>>>>

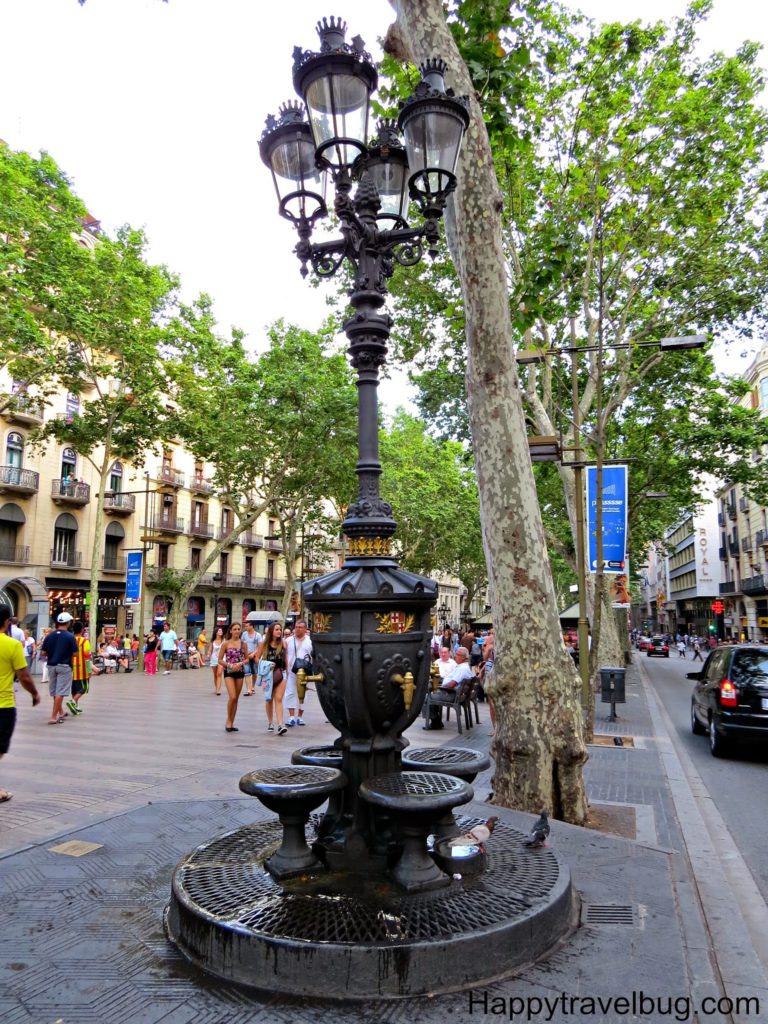  Street light and water fountain all in one on la Rambla in Barcelona, Spain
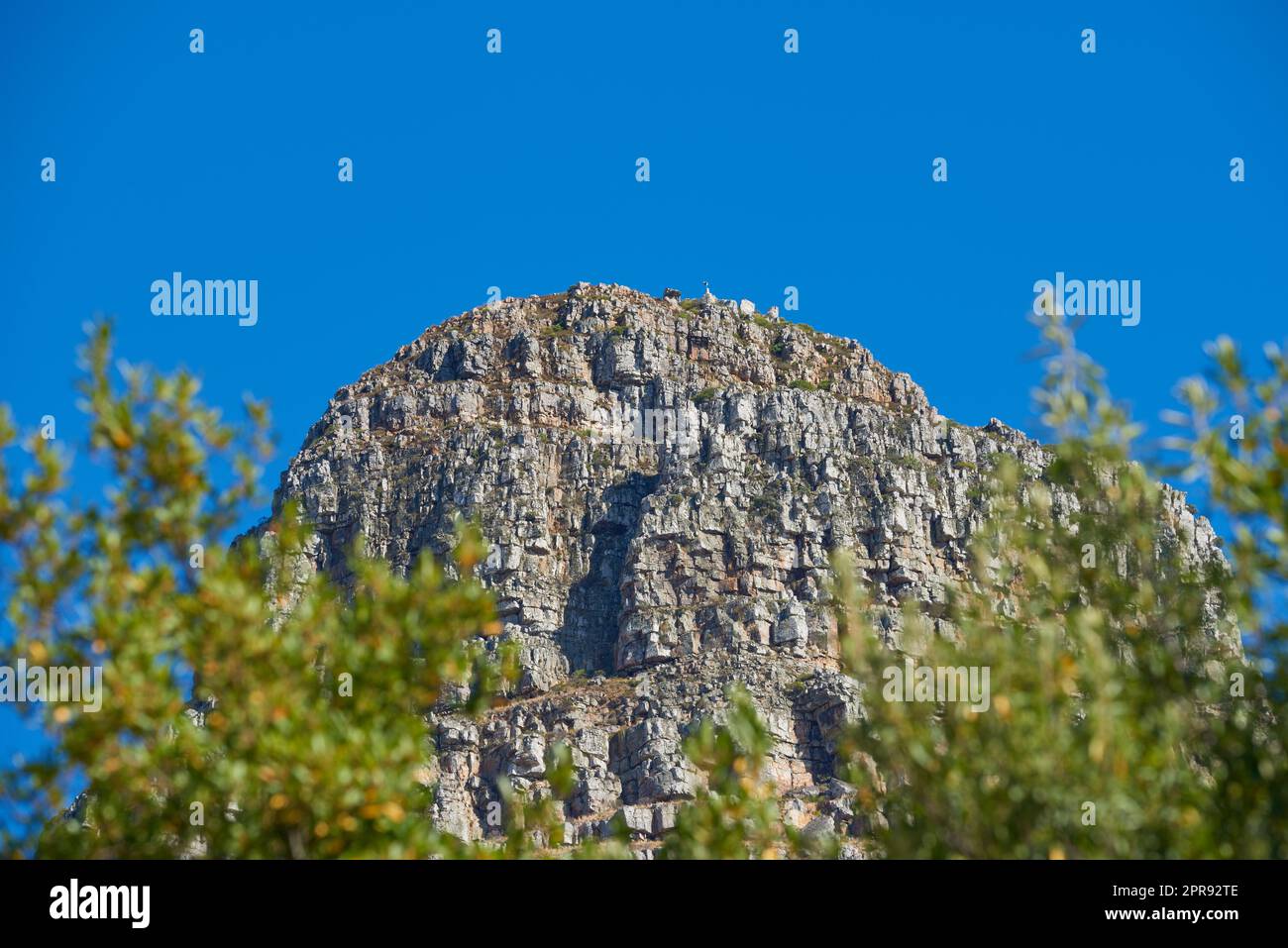 Vista panoramica della montagna, dello spazio copiato e dello sfondo blu del cielo dal lussureggiante giardino botanico verde o dal parco nazionale. Angolo basso di terreno accidentato, roccioso o pericoloso in località remote all'estero o all'estero Foto Stock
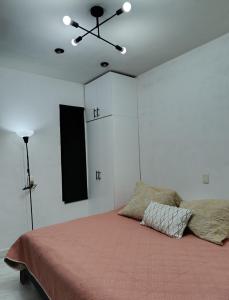 une chambre avec un lit et un ventilateur de plafond dans l'établissement Loft Céntrico Cedral, à Cedral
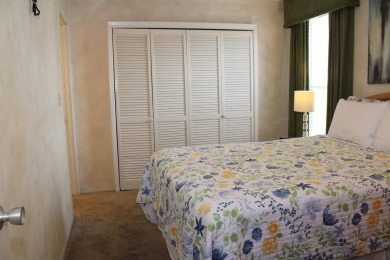 Charming 1-Bedroom Condo with Golf Course & Canal Views in on Sandpiper Cove Golf Course in Florida - for sale on GolfHomes.com, golf home, golf lot
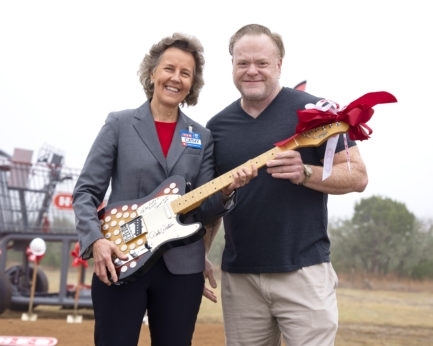 A man and woman holding a guitar in front of a helicopter.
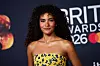 Olivia Dean i gul blomsterkjole foran Brit Awards 2026-vegg i Manchester.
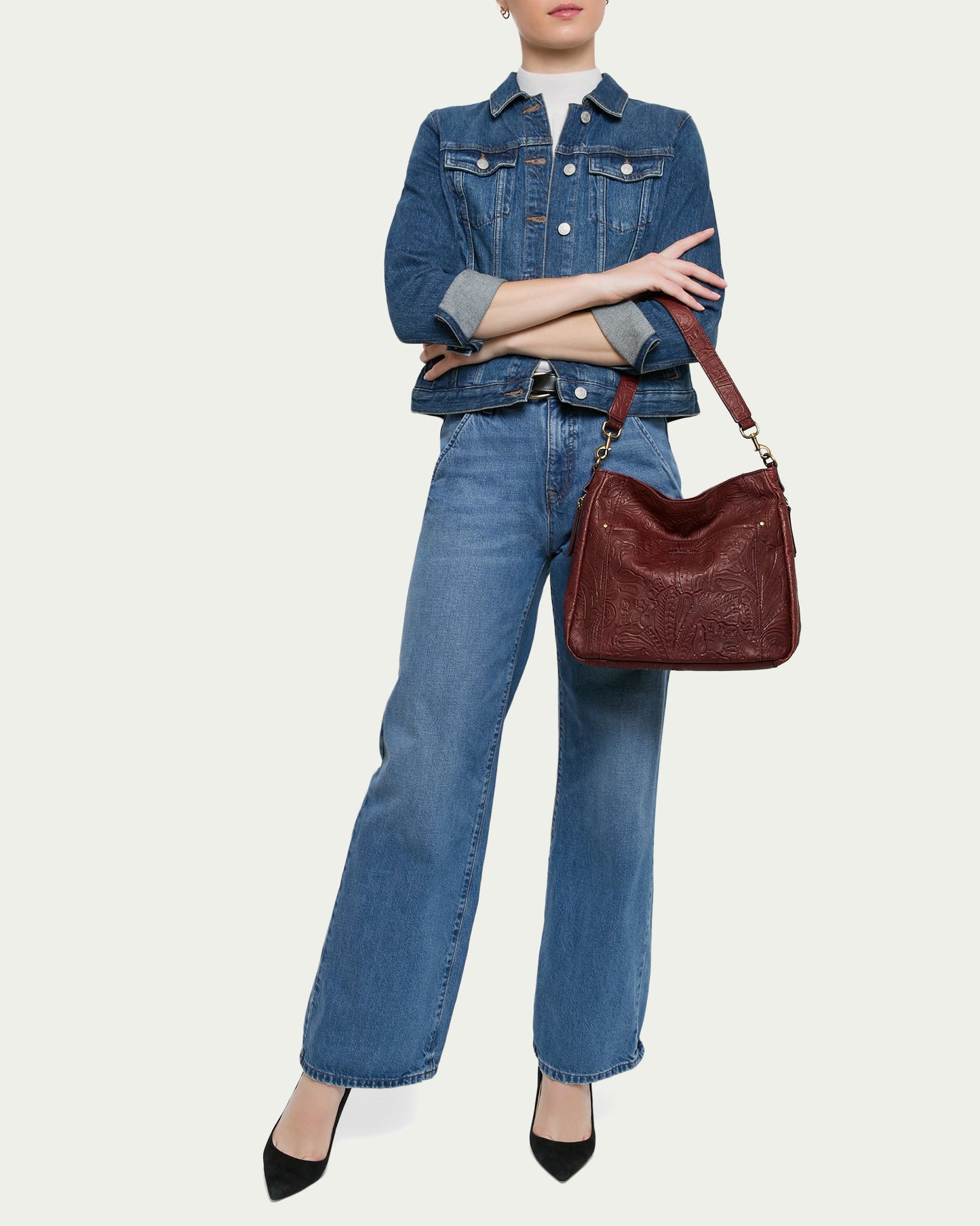 A person is wearing a blue denim jacket over a white shirt, paired with blue denim jeans and black heels. They are holding an Austin Shoulder handbag from American Leather Co. with embossed details. The person's arms are crossed, and their face is not visible.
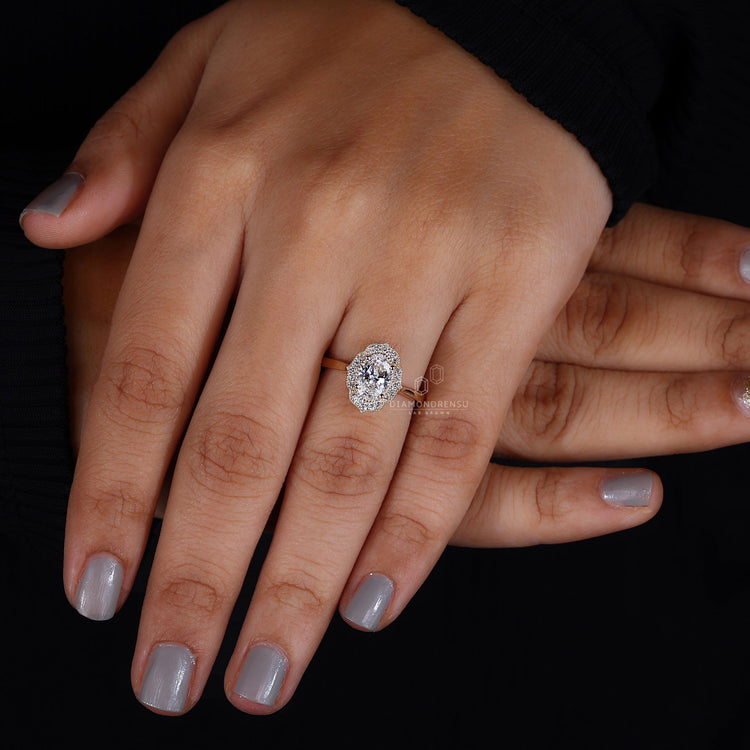 Oval halo ring featuring a radiant diamond encircled by a sparkling halo.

<<<<

Look above for the line with "Vista panoramica della" and the line with "Olivia Dean i", then restate exactly those two lines and all lines between them, with no pictures.

 Vista panoramica della montagna, dello spazio copiato e dello sfondo blu del cielo dal lussureggiante giardino botanico verde o dal parco nazionale. Angolo basso di terreno accidentato, roccioso o pericoloso in località remote all'estero o all'estero Foto Stock
 une chambre avec un lit et un ventilateur de plafond dans l'établissement Loft Céntrico Cedral, à Cedral
 Charming 1-Bedroom Condo with Golf Course & Canal Views in on Sandpiper Cove Golf Course in Florida - for sale on GolfHomes.com, golf home, golf lot
 A man and woman holding a guitar in front of a helicopter.
 Olivia Dean i gul blomsterkjole foran Brit Awards 2026-vegg i Manchester.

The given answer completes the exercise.